» Problem to solve: Give the listing again word for word, excluding the pictures it contains.

» Materials provided:
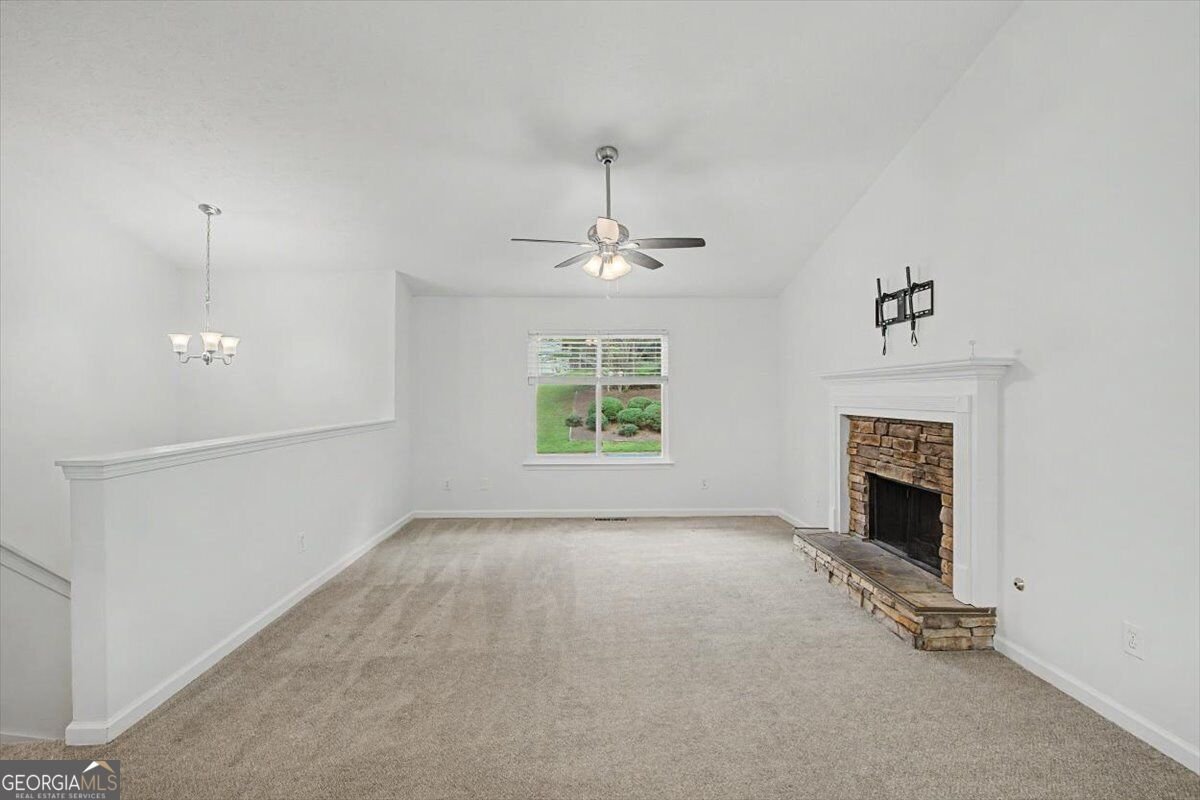 500 Emerald Pines Drive Dallas - Photo 13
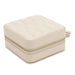 Wolf Caroline Zip Travel Case Ivory 329953_2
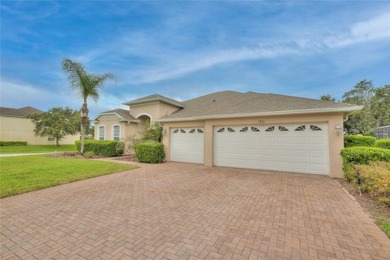 Lake Apopka Home Sale Pending in Ocoee Florida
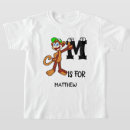 Suche nach affe cartoon tshirts Primat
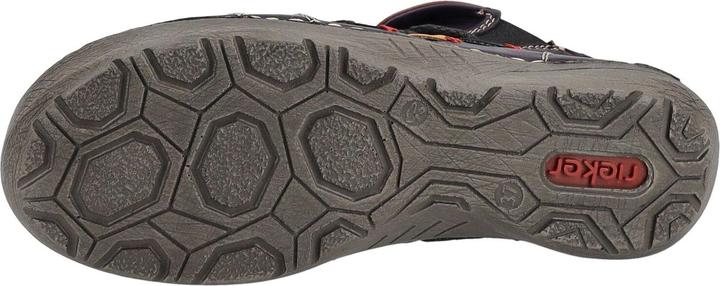 Image du produit Rieker Halbschuhe (36)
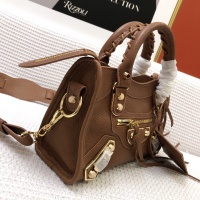 $160.00 USD Balenciaga AAA Quality Handbags For Women #881765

» Answer space:
 500 Emerald Pines Drive Dallas - Photo 13
 Wolf Caroline Zip Travel Case Ivory 329953_2
 Lake Apopka Home Sale Pending in Ocoee Florida
 Suche nach affe cartoon tshirts Primat
 Image du produit Rieker Halbschuhe (36)
 $160.00 USD Balenciaga AAA Quality Handbags For Women #881765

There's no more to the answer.